Exercise brief: What you need to produce from the material below is an exact transcription of the lines from the one with "Knicks Starting 5" through the one with "[直播92折適用!] bling bling long sleeve / black", both included, and no other line.

Extracted entries:
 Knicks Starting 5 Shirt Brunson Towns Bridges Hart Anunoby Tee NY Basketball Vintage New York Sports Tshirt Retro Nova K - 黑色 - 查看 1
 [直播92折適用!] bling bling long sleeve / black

---

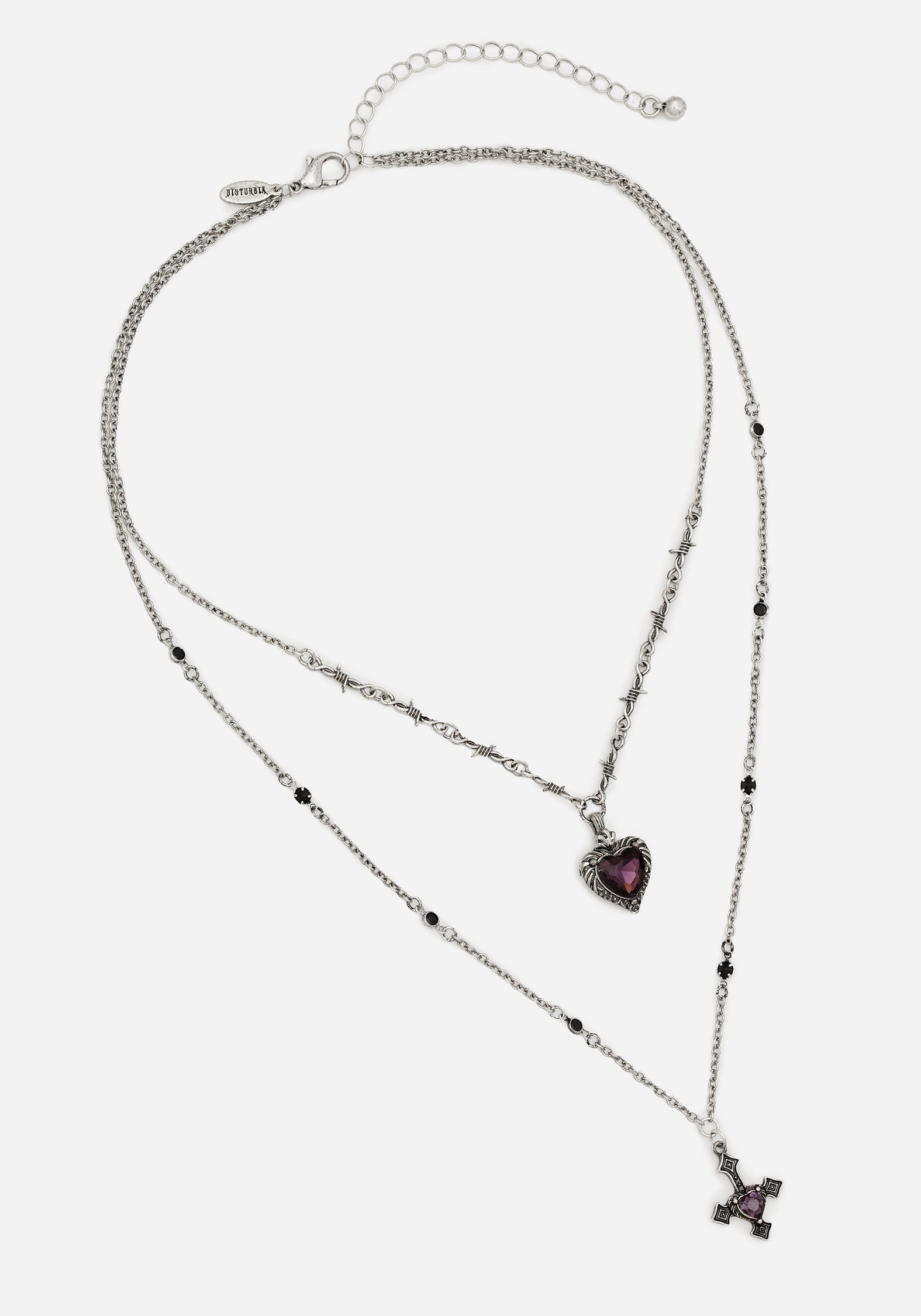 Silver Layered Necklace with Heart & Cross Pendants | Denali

Answer area:
 Knicks Starting 5 Shirt Brunson Towns Bridges Hart Anunoby Tee NY Basketball Vintage New York Sports Tshirt Retro Nova K - 黑色 - 查看 1
 [直播92折適用!] bling bling long sleeve / black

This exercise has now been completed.